= DATA UNDER STUDY =

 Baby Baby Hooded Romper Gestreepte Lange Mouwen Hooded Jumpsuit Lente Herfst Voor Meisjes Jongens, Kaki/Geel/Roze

==

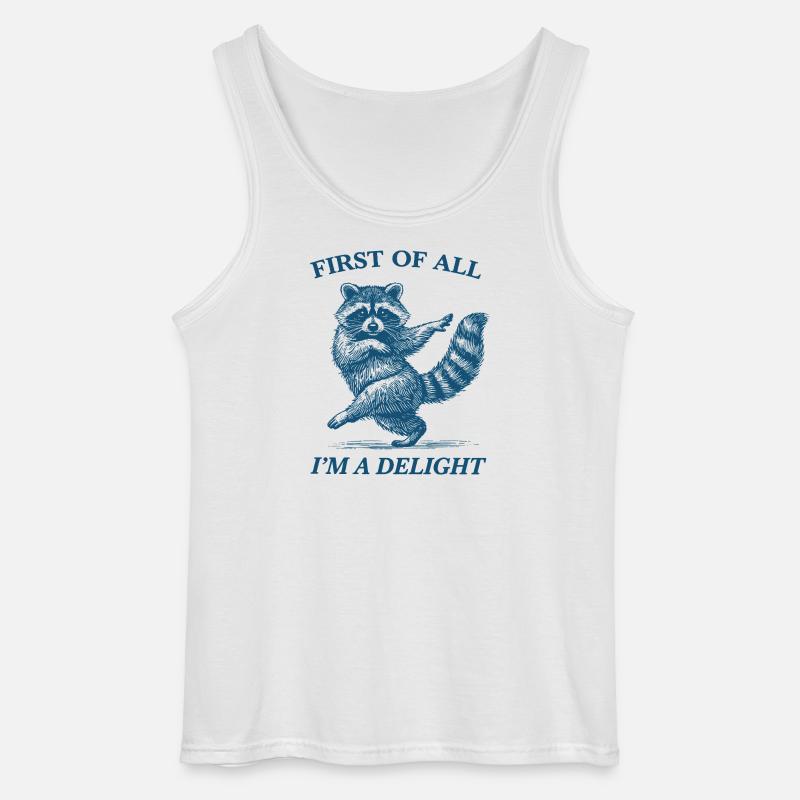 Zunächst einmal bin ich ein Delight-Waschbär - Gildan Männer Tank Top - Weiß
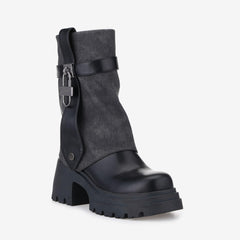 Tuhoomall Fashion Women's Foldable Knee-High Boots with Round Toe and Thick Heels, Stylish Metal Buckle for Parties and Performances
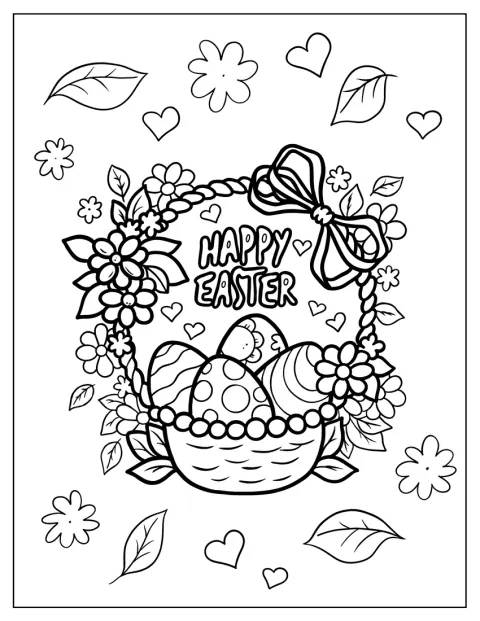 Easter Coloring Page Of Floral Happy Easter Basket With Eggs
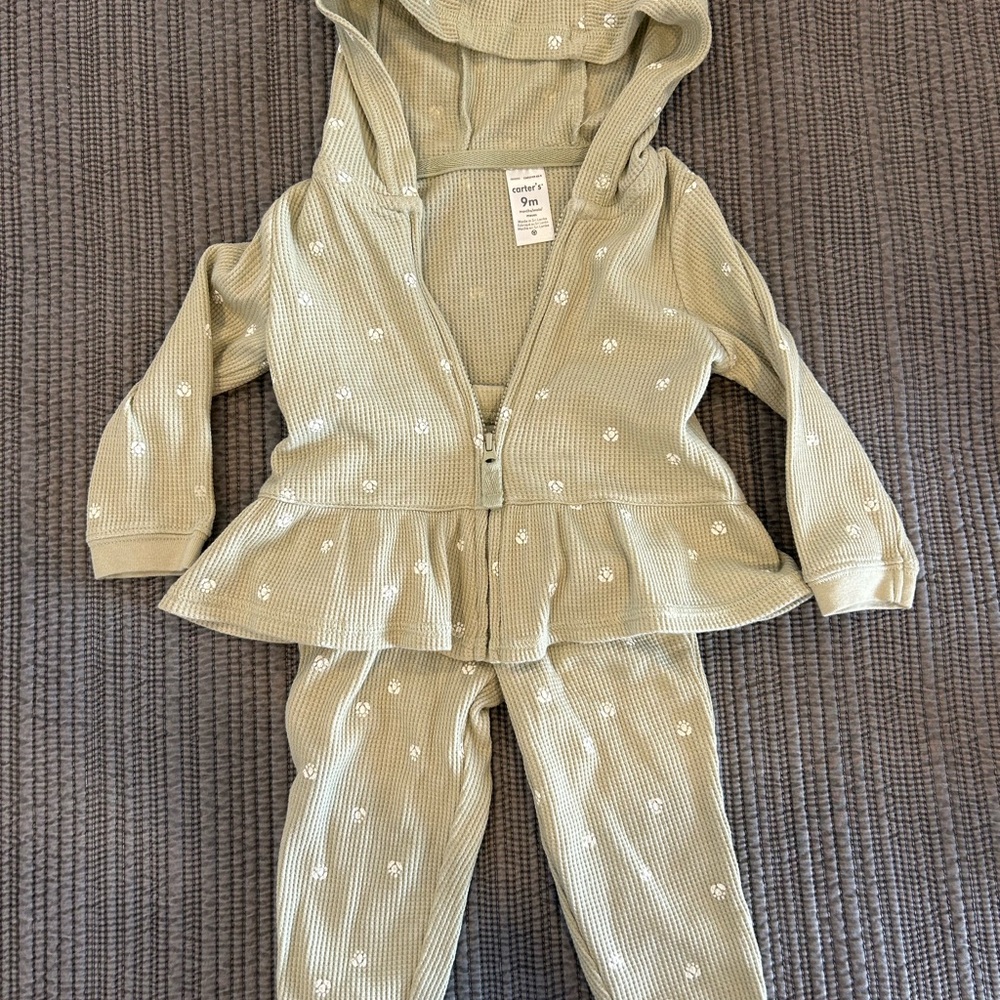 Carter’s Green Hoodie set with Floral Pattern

= TASK =
Pictures excluded, reproduce only the part above that opens with the line holding "Tuhoomall Fashion Women's" and closes with the line holding "Carter’s Green Hoodie", exactly as written.

= RESULT BELOW =
 Tuhoomall Fashion Women's Foldable Knee-High Boots with Round Toe and Thick Heels, Stylish Metal Buckle for Parties and Performances
 Easter Coloring Page Of Floral Happy Easter Basket With Eggs
 Carter’s Green Hoodie set with Floral Pattern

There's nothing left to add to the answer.